Do you work?

Observations

The other night the neighborhood ladies all got together to “play bunco.” As a neighborhood newbie, I had no choice but to accept their last minute invite although I was dressed like I was headed to gym class and had never ever before played bunco. Fortunately for me, we didn’t play bunco, hence the quotes. Bunco hasn’t actually been played for years. Instead, the night was filled with drinking wine, eating food and gossiping about the neighborhood catching up. Turns out I could play bunco after all.

The one question I got over and over again from this intelligent and well-groomed group of woman was “Do you work?” I’d never been asked that before. It was always “What do you do?” In all those cases, it was just assumed that I went to work everyday. Not in this case. I was surrounded by women who had at one time worked, but two or three kids later, heading to work everyday just to pay for daycare, in their minds, couldn’t be justified.
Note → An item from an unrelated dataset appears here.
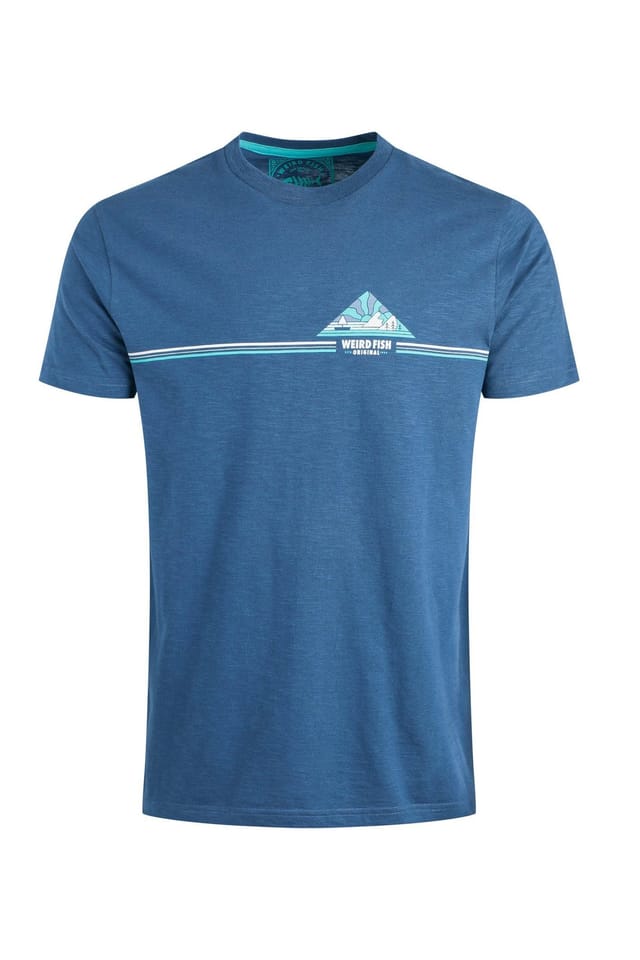 Weird Fish Weird Fish Men's Pyramid Vista Chest Stripe Graphic T-Shirt in Bright Blue - 2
Does society make it impossible for women to do both?

It costs approximately $755 a month to send one child to daycare. Just one child. I know we personally pay close to that. Factor in that woman already make 77% as much as men do, where does that leave us?

It’s a tough act to balance and a hard decision to make. Being at home can be just as fulfilling, but walking away from years and years of being a go-getter in any industry isn’t exactly as easy switch to flip. I am not anywhere near having to make this decision, but that one question “Do you work?” brought to mind all the factors that will weigh into that decision.

My biggest fear isn’t staying home and feeling unfulfilled. My biggest fear is trying to come back and discovering I’ve become irrelevant. Many of my friends have made the leap and become full-time mommies. I envy them. My four-day-a-week schedule gives me a weekly glance into what it would be like to be at home with Little A full time. It’s fantastic. It’s a relief. It makes me feel like a better mom. But it leaves me thinking – would it be enough?

Is being a mommy enough? What do you do outside of your kids that makes you feel fulfilled?